In front of me, black hats are thrown in the air; behind me, the women smile watching their men. They are there, most of all, to transmit to their children a lesson about the joy of a new Torah scroll. What else could be more important, after all, than a new text, a new opportunity to read our cherished Words?
But the women’s joy is reserved — and not only out of modesty. Perhaps, it’s careful.
It is the mothers who I keep looking at today. Are they also looking at their progeny in shock —- until now we sang them songs and read them stories about Antiochus and Haman, but that was in past tense, and how on earth do we talk about this in present tense? Are these mothers, too, listening to the men in their lives huff and puff about being proudly Jewish, “never hide who you are!” — but then secretly wish they could hide their little boy’s yarmulkes under winter hats, and tuck in their little boys’ tzitzis, when they leave their neighborhoods?

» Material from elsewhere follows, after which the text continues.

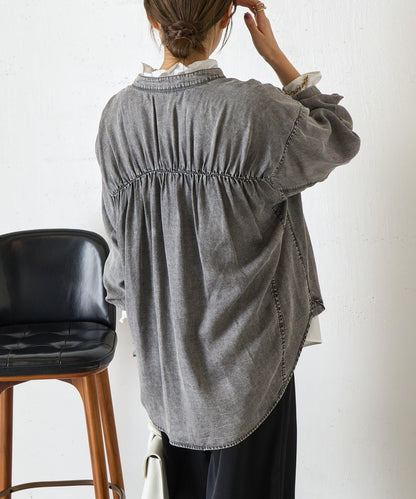 後褶設計 牛仔襯衫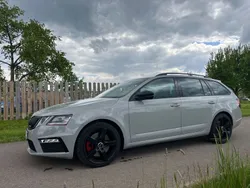 Grau Gebraucht 2019 Skoda Octavia RS Kombi | 21.099 € (Etwas zu teuer)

But there is no way to hide. That is the realization dawning on us all. There is no way to hide, for good or for bad. We wear our religion on our sleeves. Is it starting to feel like a yellow star? We have chosen this way and there is no going back.
“Al hanissim!” For all for the miracles, the Hasidic singers sing at the tops of their lungs.
The dancing grows ever more feverish. We don’t know! We don’t know! the revelers seem to say, holding on to their head-coverings as they kick their feet — the jubilation on this street is almost drunken, the singing with abandon. It’s a mixture of fear, of shock, of optimism and faith and a bissel Macallan.
We don’t know what will be, we don’t know what our shtetl faces ahead — but to you, our Creator, we turn.
As we walk, I have this sense that no one really knows where exactly this procession is heading — and here, in Monsey, that’s the point. Only God knows.